This small book may give you some ideas:
http://www.introducingbooks.com/book/view/infinity-a-graphic-guide
The question was how to introduce the idea of infinity. Obviously, the audience are young learners. Therefore the system of introduction must be plain and simple as far as possible. The students may be told to draw the graph of y = 1/x, the rectangular hyperbola. After plotting a few points, they would realize that as x approaches zero, for positive x, y approaches infinity, and that for negative x, y approaches minus infinity.
I usually introduce it by reminding people that young children can't count very far, but even if a child can't count past 10, they can still tell if a pile of 20 letters is the "same size" as a pile of 20 envelopes, because all they have to do is put one letter in each envelope and check that nothing's left over. I then suggest that "counting to infinity" is no different - even as adults, we don't really know how to count very far, and we call things we can't count "infinite" - but this doesn't stop us knowing when two different infinite collections are the same size. This leads easily to the idea of 1-1 correspondences, and then I do the standard example of the reals not being countable. Seems to work!
Use the pigeonhole principle: if n pigeons are put in m pigeonholes, the unique possibility to have at most one pigeon in one pigeonhole is when m is greater or equal than n, but this is not the case for infinite sets. Notice that when n equals m this gives rise to a one-to-one correspondence. But in infinite sets, this is not necessary. You can map naturals in even naturals: n -- 2 n having an injective but not surjective correspondence.
Mathematically strict approach to the definition of infinity you can find, for example, in the book:
Kenneth KUNEN. "SET THEORY": AMSTERDAM - LONDON - NEW YORK -TOKYO (1992)
see page 19 (the definition of the set of natural numbers and axiom of existence of this set) and page 28 (definition 10.8 of infinite sets).
Ismat,
For example you have one point (.) there is infinite position to view them, you can watch them to near, far, behind and from any location because this is exit there but you can see them from the different locations. if your position is fixed and move the point. then point is exist. and point have infinite location.
other example for example number cannot exist in the world. then what is infinity, there is only 3 things absence, presence and many , but how can you define many. a things you are unable to count them, calculate them. is infinite.
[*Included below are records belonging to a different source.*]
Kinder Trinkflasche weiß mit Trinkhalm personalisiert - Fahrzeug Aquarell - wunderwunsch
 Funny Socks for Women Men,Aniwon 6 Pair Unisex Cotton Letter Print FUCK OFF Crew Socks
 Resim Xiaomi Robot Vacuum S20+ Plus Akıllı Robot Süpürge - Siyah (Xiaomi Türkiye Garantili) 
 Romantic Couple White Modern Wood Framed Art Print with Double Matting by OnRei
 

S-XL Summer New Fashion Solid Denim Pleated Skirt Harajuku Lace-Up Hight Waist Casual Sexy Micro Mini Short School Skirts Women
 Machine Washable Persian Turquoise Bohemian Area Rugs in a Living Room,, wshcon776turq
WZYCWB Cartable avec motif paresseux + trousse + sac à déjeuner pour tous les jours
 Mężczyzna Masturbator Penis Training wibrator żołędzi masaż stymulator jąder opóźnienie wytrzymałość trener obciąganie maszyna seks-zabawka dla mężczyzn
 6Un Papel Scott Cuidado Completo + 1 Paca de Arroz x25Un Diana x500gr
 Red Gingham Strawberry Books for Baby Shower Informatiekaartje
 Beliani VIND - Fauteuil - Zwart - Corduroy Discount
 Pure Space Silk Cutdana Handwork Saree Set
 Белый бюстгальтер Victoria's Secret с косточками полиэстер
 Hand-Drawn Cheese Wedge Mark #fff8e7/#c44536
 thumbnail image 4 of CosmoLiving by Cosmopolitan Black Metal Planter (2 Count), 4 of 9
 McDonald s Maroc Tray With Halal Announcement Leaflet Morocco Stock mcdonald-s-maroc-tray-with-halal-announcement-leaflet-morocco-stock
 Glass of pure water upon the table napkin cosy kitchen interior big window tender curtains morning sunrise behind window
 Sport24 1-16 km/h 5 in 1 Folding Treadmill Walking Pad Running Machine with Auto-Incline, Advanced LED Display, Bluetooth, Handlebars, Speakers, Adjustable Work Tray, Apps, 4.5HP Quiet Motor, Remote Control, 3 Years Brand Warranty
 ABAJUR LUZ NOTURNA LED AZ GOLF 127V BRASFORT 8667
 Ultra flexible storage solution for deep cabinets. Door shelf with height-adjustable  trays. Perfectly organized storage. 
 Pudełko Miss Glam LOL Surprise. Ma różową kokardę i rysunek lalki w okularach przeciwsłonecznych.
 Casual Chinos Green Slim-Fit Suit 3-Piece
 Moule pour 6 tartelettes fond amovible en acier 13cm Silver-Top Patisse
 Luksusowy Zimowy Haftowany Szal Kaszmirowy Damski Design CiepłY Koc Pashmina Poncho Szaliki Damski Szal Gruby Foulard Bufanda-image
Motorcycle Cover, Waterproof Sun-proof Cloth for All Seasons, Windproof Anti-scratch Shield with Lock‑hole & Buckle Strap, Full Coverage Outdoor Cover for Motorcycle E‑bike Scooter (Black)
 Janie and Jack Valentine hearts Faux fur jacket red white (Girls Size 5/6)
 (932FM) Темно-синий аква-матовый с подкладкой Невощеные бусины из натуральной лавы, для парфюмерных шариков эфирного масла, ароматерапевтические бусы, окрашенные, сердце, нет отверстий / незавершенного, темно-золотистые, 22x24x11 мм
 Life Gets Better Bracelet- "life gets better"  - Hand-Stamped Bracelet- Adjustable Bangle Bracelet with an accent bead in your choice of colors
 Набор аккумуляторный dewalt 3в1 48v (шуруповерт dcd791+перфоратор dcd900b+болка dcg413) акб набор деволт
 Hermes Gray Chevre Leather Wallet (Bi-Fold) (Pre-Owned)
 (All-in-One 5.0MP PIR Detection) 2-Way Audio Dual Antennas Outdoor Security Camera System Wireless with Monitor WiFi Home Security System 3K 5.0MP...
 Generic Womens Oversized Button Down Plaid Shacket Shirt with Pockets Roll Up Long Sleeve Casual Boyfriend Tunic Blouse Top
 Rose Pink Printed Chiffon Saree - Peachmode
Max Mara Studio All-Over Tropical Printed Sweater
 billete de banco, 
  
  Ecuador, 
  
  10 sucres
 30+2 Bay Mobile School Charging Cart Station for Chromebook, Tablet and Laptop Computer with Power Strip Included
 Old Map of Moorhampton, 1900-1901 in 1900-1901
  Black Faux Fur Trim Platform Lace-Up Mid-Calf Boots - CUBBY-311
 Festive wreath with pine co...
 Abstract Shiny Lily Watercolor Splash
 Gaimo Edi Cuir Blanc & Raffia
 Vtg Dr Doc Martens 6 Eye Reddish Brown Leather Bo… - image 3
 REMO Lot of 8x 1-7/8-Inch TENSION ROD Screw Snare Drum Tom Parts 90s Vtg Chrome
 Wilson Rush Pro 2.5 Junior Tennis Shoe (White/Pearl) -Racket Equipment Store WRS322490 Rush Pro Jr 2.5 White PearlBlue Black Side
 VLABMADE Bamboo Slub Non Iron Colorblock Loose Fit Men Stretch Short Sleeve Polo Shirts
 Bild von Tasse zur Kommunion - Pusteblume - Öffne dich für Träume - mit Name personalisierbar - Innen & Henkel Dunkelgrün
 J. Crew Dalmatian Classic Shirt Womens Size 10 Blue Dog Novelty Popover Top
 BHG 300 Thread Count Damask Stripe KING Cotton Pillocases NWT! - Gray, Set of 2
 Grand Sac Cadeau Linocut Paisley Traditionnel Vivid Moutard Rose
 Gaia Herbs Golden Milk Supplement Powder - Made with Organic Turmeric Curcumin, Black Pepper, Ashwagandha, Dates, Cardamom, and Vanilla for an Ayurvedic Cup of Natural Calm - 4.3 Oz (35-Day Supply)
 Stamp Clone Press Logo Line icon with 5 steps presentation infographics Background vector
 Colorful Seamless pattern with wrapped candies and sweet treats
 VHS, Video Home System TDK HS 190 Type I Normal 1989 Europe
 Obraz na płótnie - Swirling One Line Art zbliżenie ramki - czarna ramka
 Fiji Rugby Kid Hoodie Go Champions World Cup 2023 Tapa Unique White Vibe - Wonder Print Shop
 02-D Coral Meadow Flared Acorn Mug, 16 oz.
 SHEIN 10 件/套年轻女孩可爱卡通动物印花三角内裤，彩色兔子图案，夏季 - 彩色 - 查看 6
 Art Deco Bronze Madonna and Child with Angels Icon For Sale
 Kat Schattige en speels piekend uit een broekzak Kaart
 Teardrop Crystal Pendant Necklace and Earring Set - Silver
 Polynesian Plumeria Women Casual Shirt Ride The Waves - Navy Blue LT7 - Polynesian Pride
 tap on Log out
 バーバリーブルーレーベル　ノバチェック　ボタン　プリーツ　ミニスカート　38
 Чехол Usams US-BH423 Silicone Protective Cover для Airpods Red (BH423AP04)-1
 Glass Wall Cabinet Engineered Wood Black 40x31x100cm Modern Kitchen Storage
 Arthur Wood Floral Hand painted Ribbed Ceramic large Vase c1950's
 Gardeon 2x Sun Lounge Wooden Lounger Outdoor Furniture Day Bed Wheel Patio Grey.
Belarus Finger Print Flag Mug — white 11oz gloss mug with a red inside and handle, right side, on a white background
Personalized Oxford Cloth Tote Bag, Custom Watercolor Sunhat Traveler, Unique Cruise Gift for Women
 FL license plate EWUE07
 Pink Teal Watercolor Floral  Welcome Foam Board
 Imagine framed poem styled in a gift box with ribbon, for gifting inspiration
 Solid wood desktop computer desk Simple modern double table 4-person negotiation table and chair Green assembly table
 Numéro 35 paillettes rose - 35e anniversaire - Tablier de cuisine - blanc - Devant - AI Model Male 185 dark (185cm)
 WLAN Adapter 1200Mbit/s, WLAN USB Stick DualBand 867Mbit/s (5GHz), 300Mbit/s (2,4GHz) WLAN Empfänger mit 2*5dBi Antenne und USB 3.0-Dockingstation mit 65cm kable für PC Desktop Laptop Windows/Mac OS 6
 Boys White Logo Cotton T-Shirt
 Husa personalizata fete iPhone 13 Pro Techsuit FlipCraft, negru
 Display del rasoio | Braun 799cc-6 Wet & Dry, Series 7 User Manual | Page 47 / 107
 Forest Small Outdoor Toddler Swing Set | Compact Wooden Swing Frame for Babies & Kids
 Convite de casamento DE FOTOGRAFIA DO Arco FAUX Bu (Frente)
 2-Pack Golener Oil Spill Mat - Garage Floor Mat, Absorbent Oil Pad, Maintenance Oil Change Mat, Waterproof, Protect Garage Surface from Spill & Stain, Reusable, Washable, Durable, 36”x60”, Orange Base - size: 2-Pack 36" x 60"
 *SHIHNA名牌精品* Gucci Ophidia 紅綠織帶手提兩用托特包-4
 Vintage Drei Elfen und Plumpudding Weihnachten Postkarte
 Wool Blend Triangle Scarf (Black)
The following book may be a good reference for that:
Roads to infinity, By John Stillwell
Since infinity is such a vast and intimidating topic, we prefer to begin by closely looking at the familiar ideas of numbers and counting. We want to count infinite collections, but we don't know how to count that high. Thus we seek different ways to count collections of ordinary objects in the hope that one method might work for infinite collections as well.
The fundamental idea in the study of infinity is that two collections have the same size if there is one-to-one correspondence between the members of one collection and the member of the other collection.
Qefsere's answer shifts the question to infinite sets. Cardinals of infinity sets are infinite number: alef-zero, c, ...An infinite set has the remarkable property that she remembers to us; for instance, there is a bijection (one to one correspondencee) between even numbers and natural numbers although the set of even numbers is properly included in the set of natural numbers. I respect every point of view, but I prefer the amazing simplicity of Ismat question, related to the idea of infinity; in set heory "there exists an infinite ser" is an axiom!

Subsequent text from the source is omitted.